Drying of the body is a series of special techniques, the purpose of which is to burn body fat without damage to the body and muscles. But do not forget that beauty requires sacrifice and this case there is no exception. During the application of this technique, you require a lot of effort and willpower, in order not abandon the job. But if you do decide to start, then you need to prepare and examine properly the description of the methodology and its features.

Rules for drying body:

  • Monitoring the calorie content of the diet.
  • A gradual decrease in the number of carbohydrates in the diet.
  • Up to six in the evening, you must eat 70% of your daily energy intake.
  • The last meal should take place 3 hours before bedtime.
  • Eat 5-6 times a day in small portions.
  • Hold 4 cardio training per week lasting 30-45 minutes during drying and two strength training. Adhere to the following scheme: 20 reps per set, rest between sets must be about 30 seconds, rest between exercises is up to 5 minutes. It is best to focus on basic exercises and a full body workout.
  • Do not forget to drink water during your workout.
  • Harmless fat consumption is up to 1 kg per week.
  • Weigh yourself in every three days in the morning.

Remember, that drying body is an unsafe method for the losing weight. Low-carbohydrate or glycoprival diet can cause serious health problems and sit on it permanently impermissible. Our bodies got used to produce energy quickly and easily from glucose and carbohydrates. This means that the rejection of carbohydrates causes the body to spend old fat stores. After passing through the drying step, you can return to your usual diet, giving up just fat and sweet products, that spoils your figure in short time.
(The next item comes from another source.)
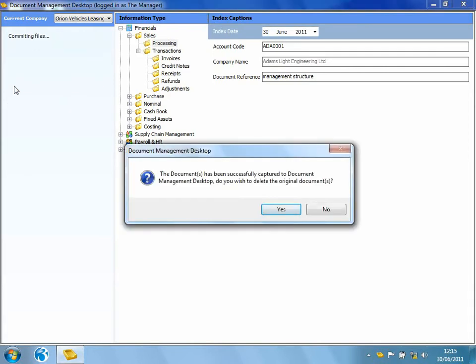Now it's telling me that it's been successfully captured into Document Management. Do I want to delete the original document? I might want to. However, this time I'm going to say no.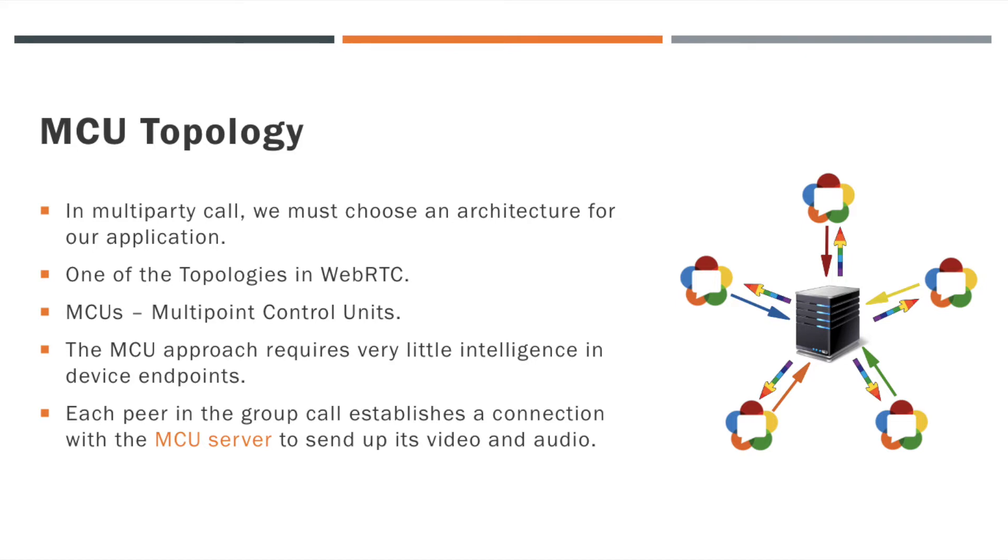Each peer in the group call establishes a connection with the MCU server first, and then the client can send video and audio data to the MCU server.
The products allowed during the drying of the body for girls:

  1. Not fat meat is a great product for drying the body. An ideal variant is boiled chicken breast that is a pure protein.
  2. Seafood does not only help to lose weight, but it is full of iodine. You can eat fry fish ( but only without oil), and sea cabbage.
  3. Dairy products and eggs. Choose low-fat dairy products: the fat content in the curd should not be higher than 5%, try to choose 1% yogurt.
  4. Slowly absorbed carbohydrates. For breakfast eat loaves and porridge (but not instant).
  5. You can eat fruitsin small quantities. For example, one apple every day. Grapefruits, lemons are perfect fruits for drying, but by no means bananas!
  6. Almost all vegetables, the exception is a potato. Green vegetables you can eat in unlimited.

You should not eat anything for 2 hours before training and after 1.5 hours after. In such case your recovery and the energy will come at the expense of fat under your skin. You need to drink water  at least 3 liters per day. In order not to lose the form of your muscles, spy on the protein level. Every day try to eat 6 times, but in small portions. Do not eat cereals and grains after 6-7 pm. Best products for you are lean meat, buckwheat, rice, oatmeal, low-fat yogurt, milk and cheese, fish, vegetables, fruits, legumes.